En el ámbito de la internacionalización, la ley prevé la articulación de una estrategia específica que abordará aspectos "relacionados con la investigación y la captación del talento", designando a la Universidad Internacional de Andalucía (UNIA) como "pieza clave de esa línea de trabajo". Con el propósito de "favorecer la retención del talento y dar estabilidad a la carrera académica del profesorado", el texto incluye diversas iniciativas, como la restricción del "uso indebido" de la figura del profesor sustituto interino.
La LUPA también contempla un modelo de financiación común para todas las universidades públicas, con revisiones quinquenales, que "respalda tanto los principios como la estructura que sustentan el actual modelo acordado por unanimidad con los rectores". En el terreno de la gestión universitaria, una de las innovaciones más destacadas es la regulación de los campus universitarios.

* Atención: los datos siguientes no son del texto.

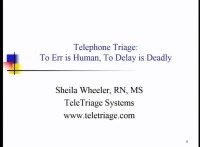 Thumbnail for Telephone Triage: To Err is Human, To Delay Is Deadly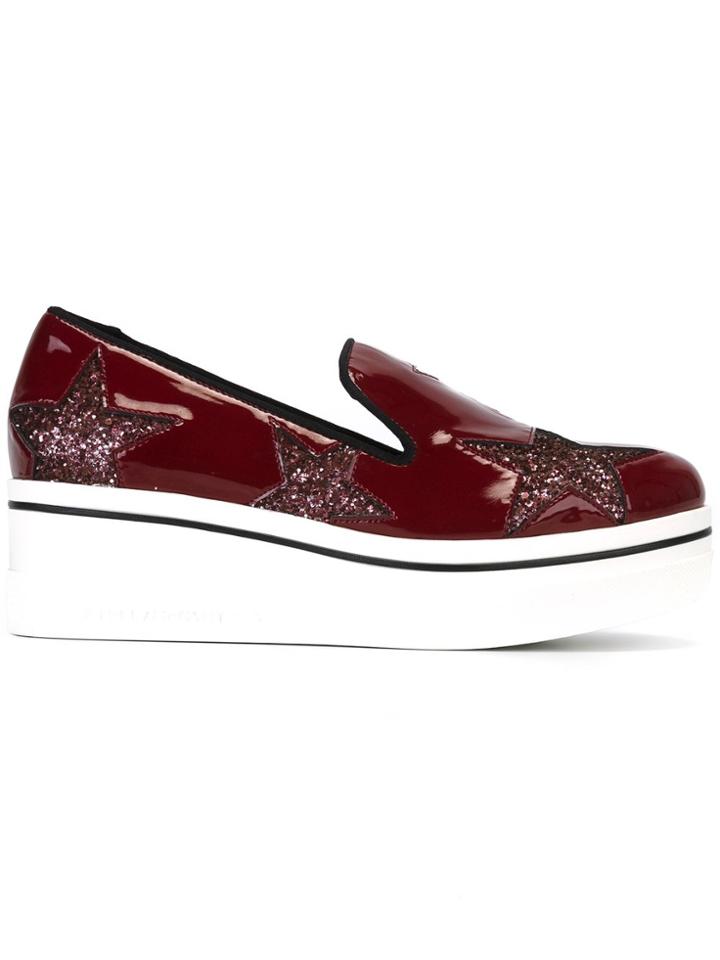 Stella Mccartney 'star Binx' Slip-on Loafers - Red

Asimismo, se potencian las funciones de los consejos sociales en la captación de fondos, se asegura su financiación mediante el modelo establecido, se imponen mayores requisitos de transparencia y objetividad en sus actuaciones y se establece el Consejo Andaluz de Consejos Sociales Universitarios.
En cuanto a la coordinación, se instaura el Consejo Andaluz de Coordinación Universitaria, con el fin de ampliar la representación del actual Consejo Andaluz de Universidades. Por otra parte, la ley eleva las exigencias para la creación y el funcionamiento de las instituciones académicas privadas en Andalucía, buscando "reforzar la calidad y excelencia del sistema universitario" y garantizar la adecuada prestación de este servicio público. Entre los requisitos, se solicitará a los promotores y gestores de estas iniciativas una "trayectoria contrastada en el servicio público de educación superior".
Ante este escenario, las universidades públicas andaluzas han optado por la cautela, decidiendo ser "lo más prudentes" posible en la adaptación de sus estatutos a la LUPA. Esta postura se adopta a la espera de los resultados del proceso de negociación, iniciado después de que el Ejecutivo central advirtiera de "incompatibilidades constitucionales" en cerca de treinta artículos. Cabe destacar que este mecanismo de diálogo no es novedoso; sin ir más lejos, se ha empleado recientemente para resolver discrepancias en torno a la Ley de Vivienda de Andalucía y la Ley de espacios productivos.